### Exercise prompt
Emit the data below verbatim, stripping out any pictures.

### Data segment
((

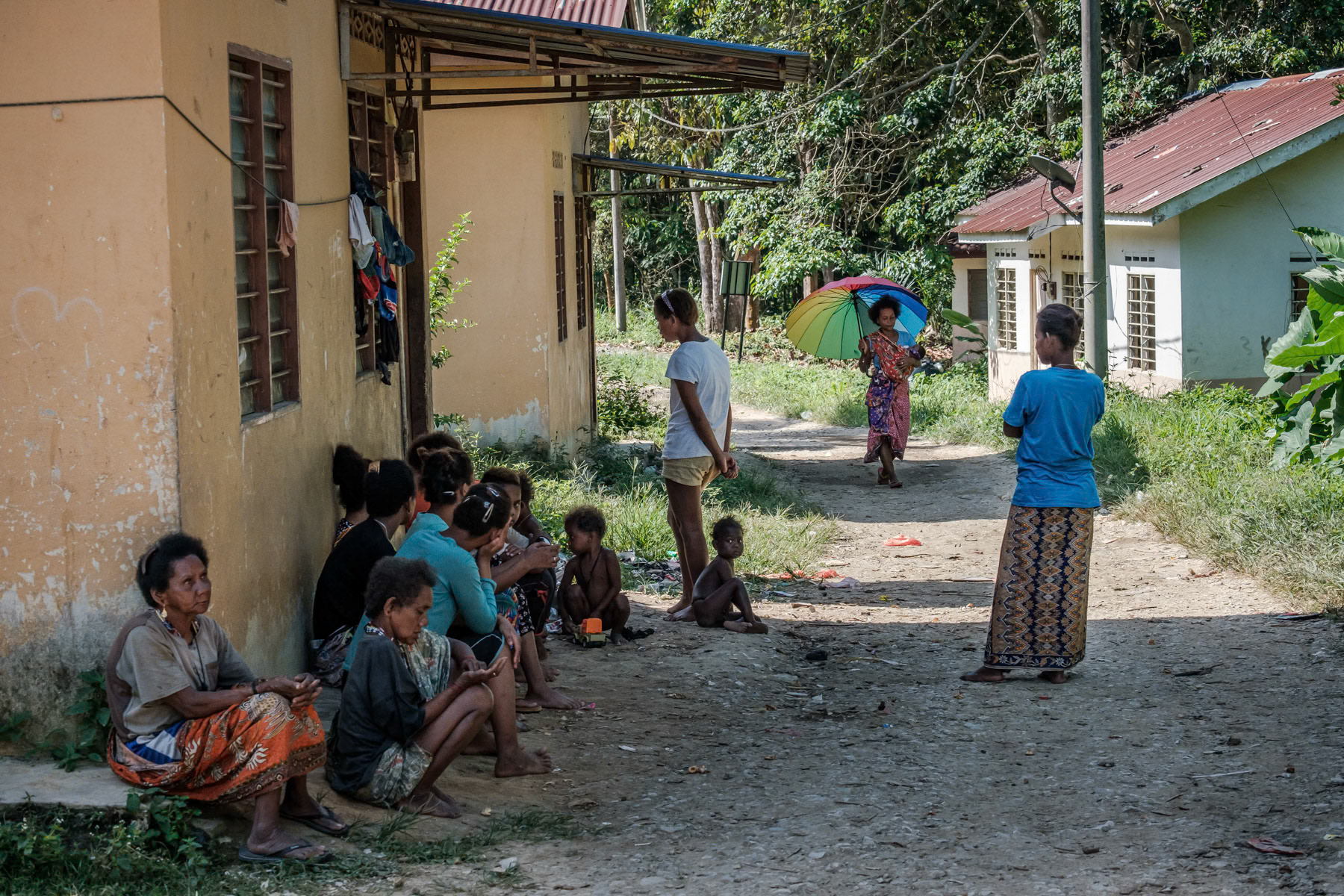 Orang Asli, indingenous people of the Bateq community. Bateq people are originally hunters living with and in the tropical rainforest. During the past decennia mine exploitation, logging and widespread palm oil plantations have severely jeopardized their way of life and livelihood. Through re-settlement projects they are mostly living in small community clusters at the edge of the rainforest. Pecah Keljbi settlement, Merapoh, Pahang, Malaysia, February 2020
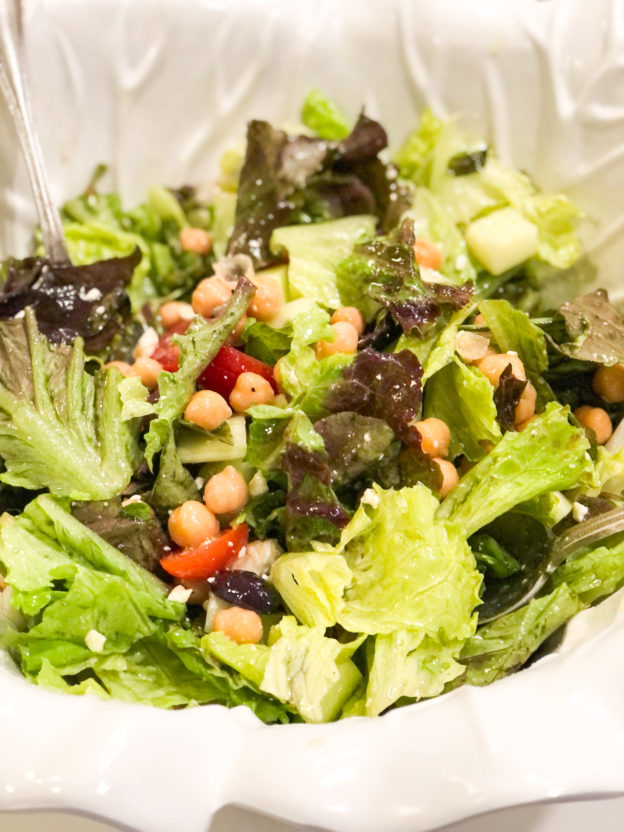 greek salad with chick peas in white salad bowl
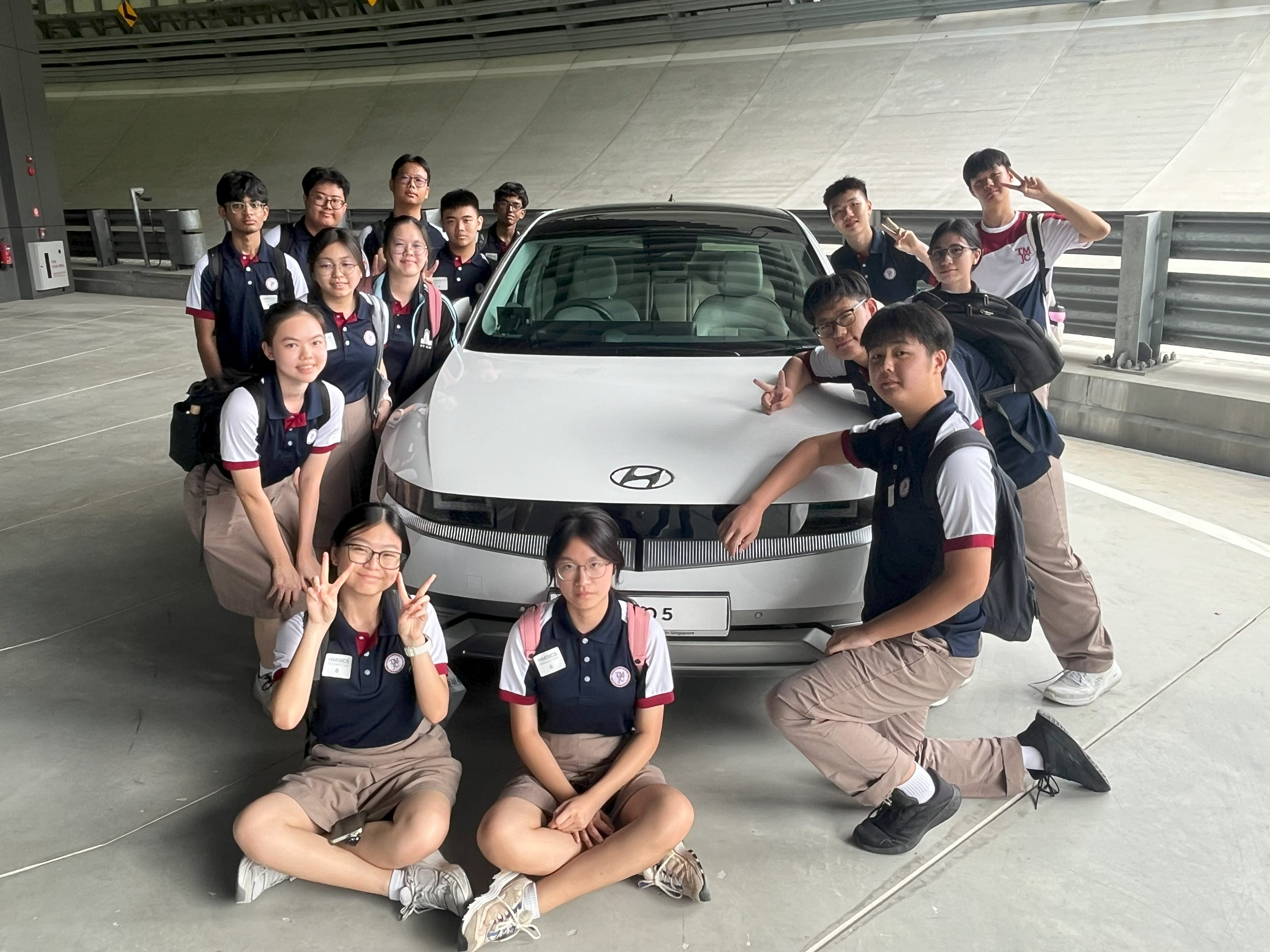 A group of about 15 students in school uniforms pose cheerfully around a white Hyundai electric car in an indoor carpark setting.
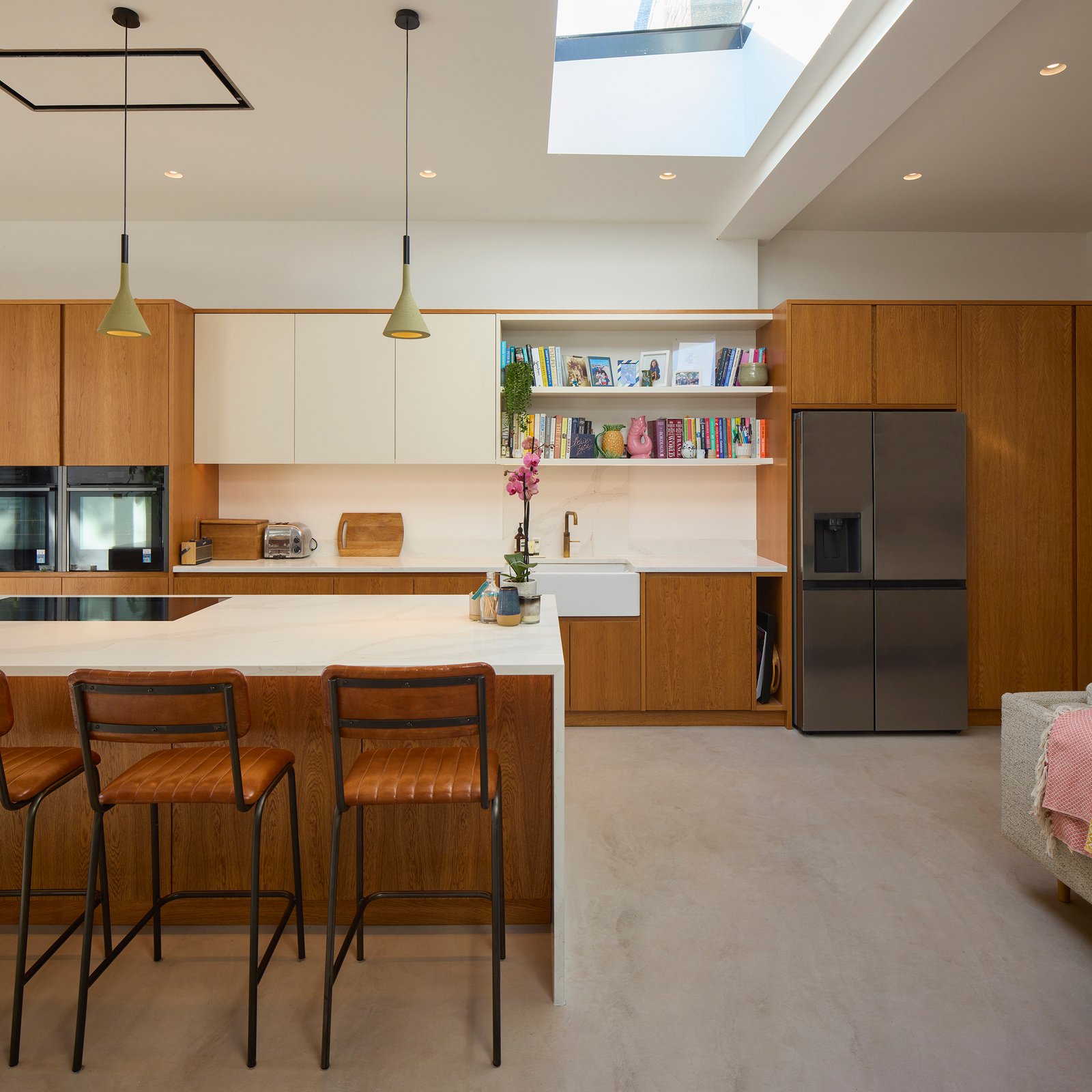 Open-plan kitchen and dining area with skylight and timber finishes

))

### Result of the task
 Orang Asli, indingenous people of the Bateq community. Bateq people are originally hunters living with and in the tropical rainforest. During the past decennia mine exploitation, logging and widespread palm oil plantations have severely jeopardized their way of life and livelihood. Through re-settlement projects they are mostly living in small community clusters at the edge of the rainforest. Pecah Keljbi settlement, Merapoh, Pahang, Malaysia, February 2020
 greek salad with chick peas in white salad bowl
 A group of about 15 students in school uniforms pose cheerfully around a white Hyundai electric car in an indoor carpark setting.
 Open-plan kitchen and dining area with skylight and timber finishes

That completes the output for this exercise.